The idea of Joe Abercrombie writing young adult fiction is odd, for anyone who’s read Abercrombie at all. Over the course of the First Law trilogy, Abercrombie made it clear that he was an author who embraced the darkest aspects of human nature, giving us heroes as memorable for the brutality and viciousness they could display as for anything else they could ever accomplish. Abercrombie’s gift was that he made it all palatable and rich somehow, giving everything a dark sense of humor and an empathy for his characters that made the books readable without ever turning them into “misery porn.” But still, young adult fiction?
Well, rest assured, there’s little taming down of Abercrombie in the Shattered Sea trilogy, to the point where I’m not quite sure exactly what makes the series any different from the rest of his works. (Abercrombie himself has some interesting thoughts on the matter here.) It’s still stark, still brutal, still cynical about human nature and what we do to each other, still darkly humorous and understanding of every character while never flinching from what they do – in other words, it’s an absolute treat for someone like me who was disappointed at almost being done with everything else the man had written.
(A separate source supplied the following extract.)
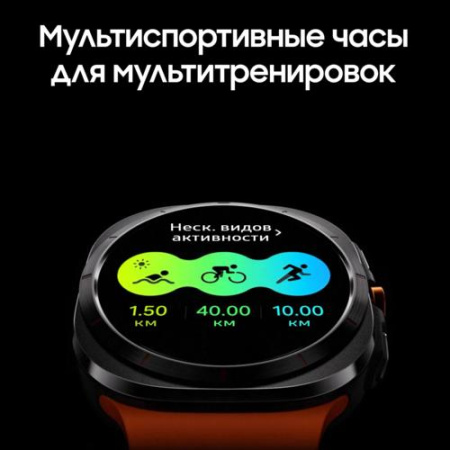 Смарт-часы Samsung Galaxy Watch Ultra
So what is this series, then? While the exact nature of the storyline is best unfolded over time – like The First Law, it really takes until the final volume to see the threads that have tied it all together – the series starts with Yarvi, a disfigured son of the royal family being thrust onto the throne far before he was ready. It doesn’t take long for things to go wrong, and the first volume of the series – Half a King – follows Yarvi as he plots his return to the life he once had, as well as finding a way to get revenge on those who put them there.
By the time Half a King ends, we’ve come to understand Yarvi quite a bit – we see his weaknesses and strengths, we’ve seen how he’s grown and blossomed into the person he’s always been capable of being…which makes it all the more jarring to open Half the World and realize that we are no longer in Yarvi’s head, but in the minds of two new characters – a hardened young woman named Thorn who wants to be a fighter in a men-dominated world and a deeply moral would-be male warrior named Brand. (Well, mostly new characters, anyway; one of the treats of this series is to see how Abercrombie has linked the books together in ways that we never noticed.) Yarvi is still a player here in no small way, but the focus has changed, locking us out of his head and his immediate motivations, even as we remember everything we learned about him from the previous novel. There’s a new adventure here, with a trip into new parts of the world, but even through Brand and Thorn’s eyes, we’re realizing the shape this saga might be taking. And yet, Half the World is entirely satisfying on its own terms, giving Thorn and Brand an entire story all their own, even while it’s a necessary piece in the bigger trilogy.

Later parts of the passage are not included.